The reason why investments (especially retirement investments) were often bundled with insurance was solely because of tax savings and loopholes, and that internal gains within the product were not taxable. For the same reason and the (now abrogated) MIRAS arrangement in the UK, interest-only endowment mortgages coupled with an endowment life insurance policy were once popular. As were variable annuities, especially in the USA.

Insurance companies don't stop selling an obsolete product when the tax justification for creating it has gone away. And sadly, those who sold such products, and pushed the savings and loan industry into insolvency in the USA and the UK, leading to the privatisation of what had been mutual and co-operative institutions (and the raiding of their reserves for a (small) profit to "carpetbaggers" and a big profit to senior management) is notorious. That was part Thatcherism and Reaganism and part theft and greed. Think: Silverado, Northern Rock.

US Persons (American citizens, green-card holders, certain present and former residents) would encounter PFIC and FATCA and perhaps foreign trust (form 3520) problems in holding such investments and the seller would probably be in violation of US securities law and certainly tax law (the kind that has led Swiss banks to pay hundreds of millions in fines and forfeitures to the USG.

Those who were sold such products on the basis that "the IRS will never know" may have claims for that reason, although s/he may have FATCA and FBAR and 3520 and PFIC problems too. Potentially there is a False Claims Act reward, who knows.

I would not rely on the good graces of those who mis-sold a retirement or investment product.

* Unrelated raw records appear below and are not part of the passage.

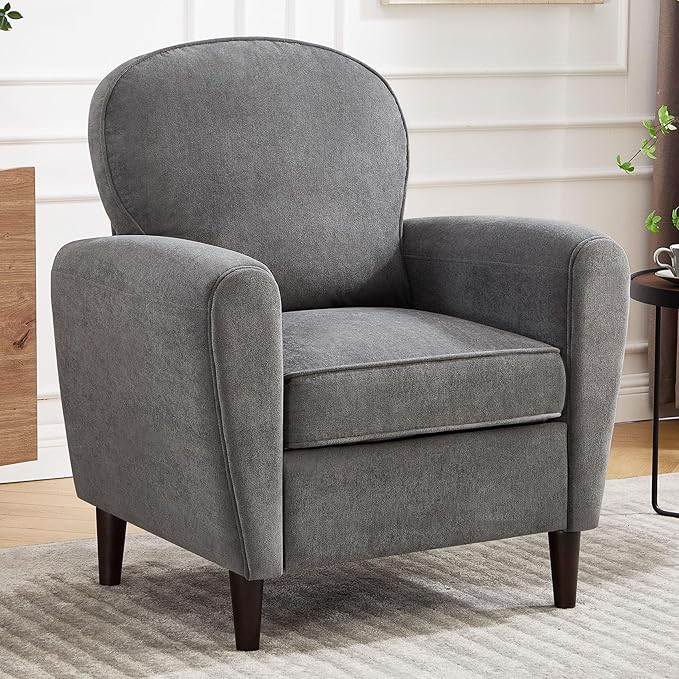 Accent Chair, Mid Century Modern Arm Chair with Thick Cushion and Back, Comfy Upholstered Reading Chair Single Sofa Chair for Living Room, Bedroom, Club, Dark Grey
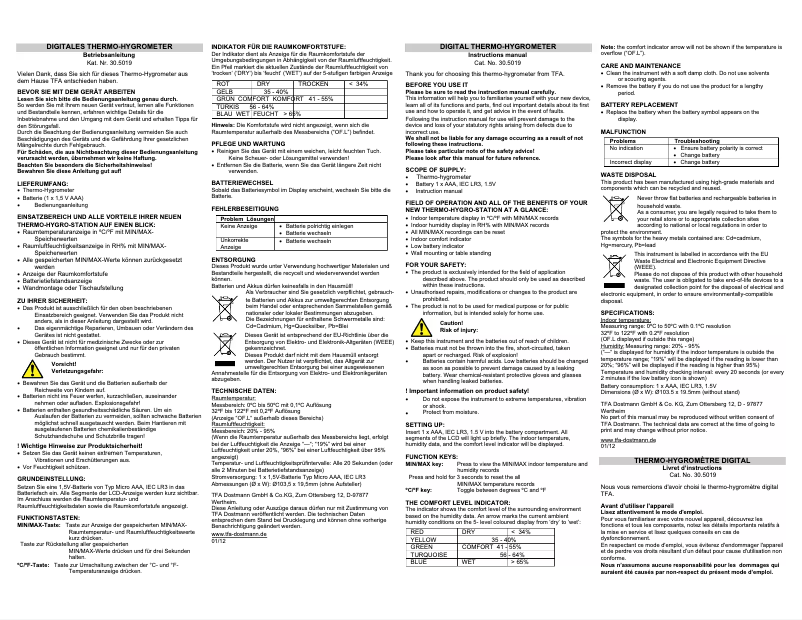 Page n°1 - Manuel utilisateur TFA 30.5019.10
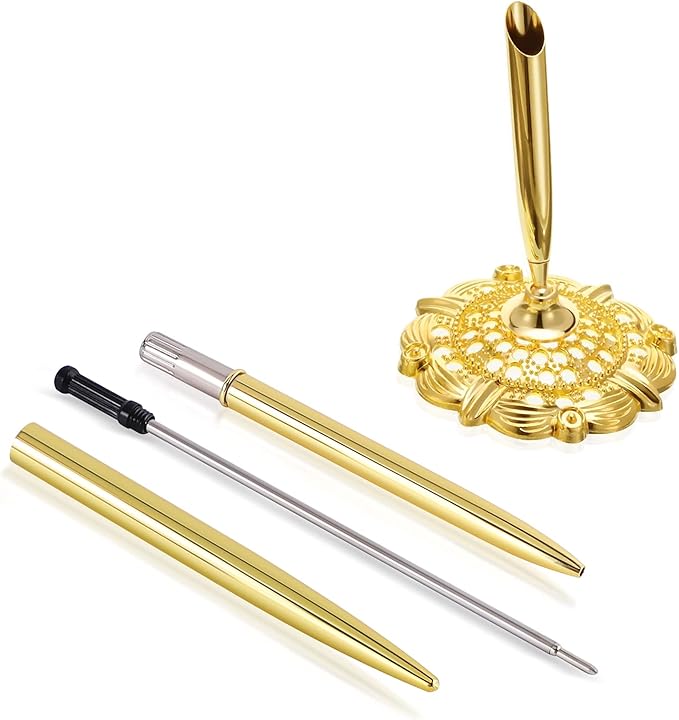 Hollow Round Pen Holder Signing Pen Set for Wedding Bridal Engagement Valentine's Day Favors,Golden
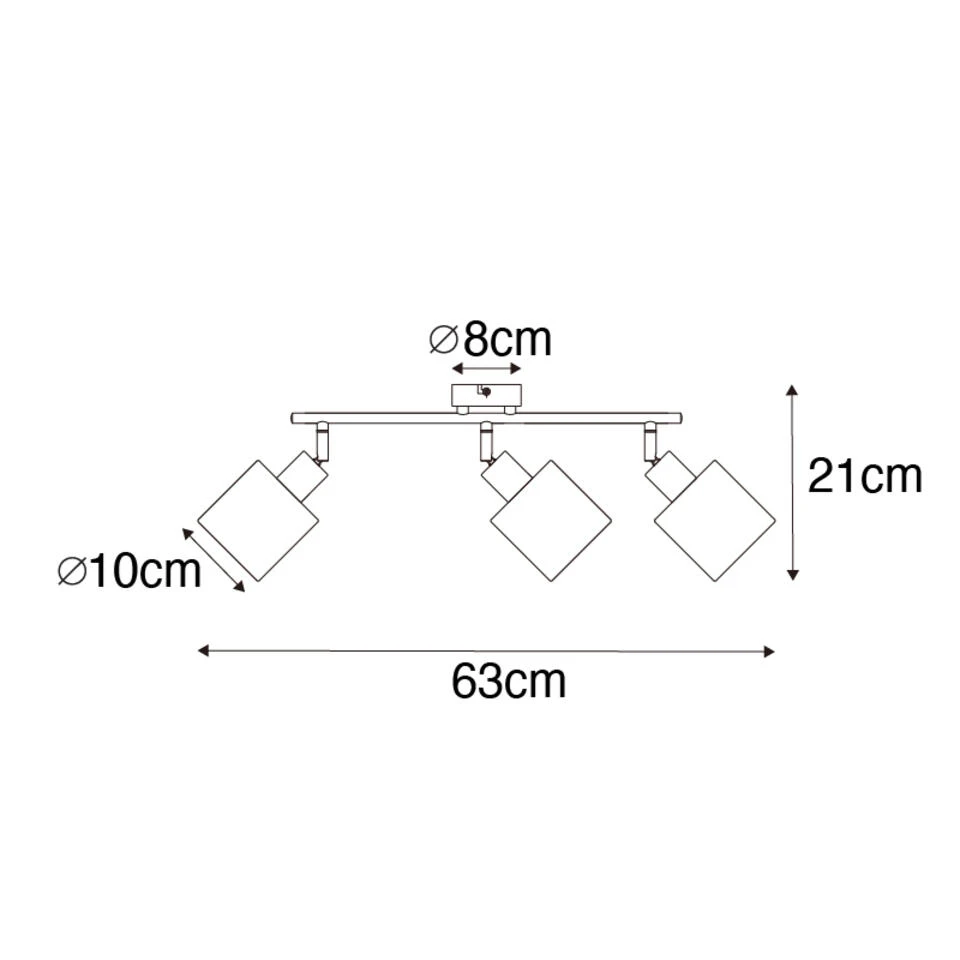 QAZQA Plafondspot Staal Met Witte Kap 3-lichts Verstelbaar - Hetta - Afbeelding 3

At least the buyer of a Swiss product, unlike the buyer of a bad American one or an investor in the notorious Lloyd's of London shell game, is probably not bound by some one-sided arbitration agreement. (A search of recent New York Times articles will explain: https://encrypted.google.com/search?...%3Anytimes.com )

PFIC imposes taxation and imputed interest charges on the internal -- otherwise untaxed -- profits, gains and accruals of an investment product other than (for example) the shares of a single operating company or title to real property (real estate). It has frightful consequences for any (taxable) US person, even for a product which is not a scam (Madoff's European feeder funds) or a high commission profit centre for the selling agent.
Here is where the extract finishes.